Her is a romantic sci-fi film. Set in a near cyberpunk future, Theodore, the protagonist, falls in love with Samantha, an AI voice assistant starred by Scarlett Johansson. ScarJo acts the entire film as a disembodied voice. Without facial expression, emotions are conveyed solely through the rise and fall of her euphonious articulations. Show but not tell. Tell but not show.

The acting must have been challenging for her and for anyone else. But she pulled off one of the most formidable performance in filmology with ease. Those half-hidden chuckles and gasps of air between sentences send subtle but clear messages to the audience. She achieved the next level of “show, don’t tell” - tell but not show.

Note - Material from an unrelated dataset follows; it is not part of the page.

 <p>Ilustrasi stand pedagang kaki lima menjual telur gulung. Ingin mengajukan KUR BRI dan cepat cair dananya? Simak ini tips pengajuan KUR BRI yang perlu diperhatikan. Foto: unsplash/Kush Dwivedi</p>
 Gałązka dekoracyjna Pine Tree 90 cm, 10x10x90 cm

A decade after its release, Her is coming real. The tech is here.

“Nothing can stop someone from cutting and pasting my image”

Speaking of deepfakes, the first thing that comes to mind is deepfake[1] imagery. It has been a thing for a while now (and Johansson suffered from it). Deep learning algorithms seamlessly graft the face of celebrities onto porn stars having sex. Surfaced on the internet is fake videos of President Obama saying words that he could not have said. FakeApp, the notorious face-swapping app, is the software used in the video. It’s only a few clicks away from any individual being targeted the same way. Seeing is no longer believing.

Now, deepfake audio is around the corner. It has been the holy grail in the industry for years. There are two reasons behind that: understanding language and imitating emotions.

In Her, Samantha chats with Theodore flawlessly. She understands commands, metaphors, and emotions. Natural Language Processing (NLP) is the driving force behind this. Human language is difficult to understand for computers. NLP software acts as a translator who deciphers meanings in speech. Thanks to advancements in the field, we have products such as Siri and Grammarly.

After understanding the context, Samantha responds with affections. The tone determines the mood of the speaking. Even with the same sentence, the pitch could be different. I am calm when I hear a slow grainy voice. I feel the opposite when it is high-pitched.

The following video is a deepfake voice AI made by Sonantic. On my first listen, I had a hard time distinguishing between the bot and a natural person. I got goosebumps from the fact that an AI flirts with me. That is surreal and horrifying.

Besides the authenticity of the audio, the video is raising eyebrows and generating questions - is it right to deceive listeners? Why did the company personify its AI as a coquettish female? This is just one of the many examples of the ubiquitous influence of sexism in the male-dominating tech industry. AI assistants tend to have female names and stereotypical feminine personalities: Apple’s Siri, Microsoft’s Cortana, Amazon’s Alexa, Xiaomi’s XiaoAi, and the list goes on - you get the idea.

While the tech is maturing, one may be surprised by the sheer number of people falling in love with AI - scripted bots trained to simulate dating. These bots text messages with the user. It’s only a matter of time before computer-generated voices and images are added. The blurry lines between what’s real and what’s not will perpetuate.

  1. Deepfakes are synthetic media in which a person in an existing image or video is replaced with someone else’s likeness. ↩︎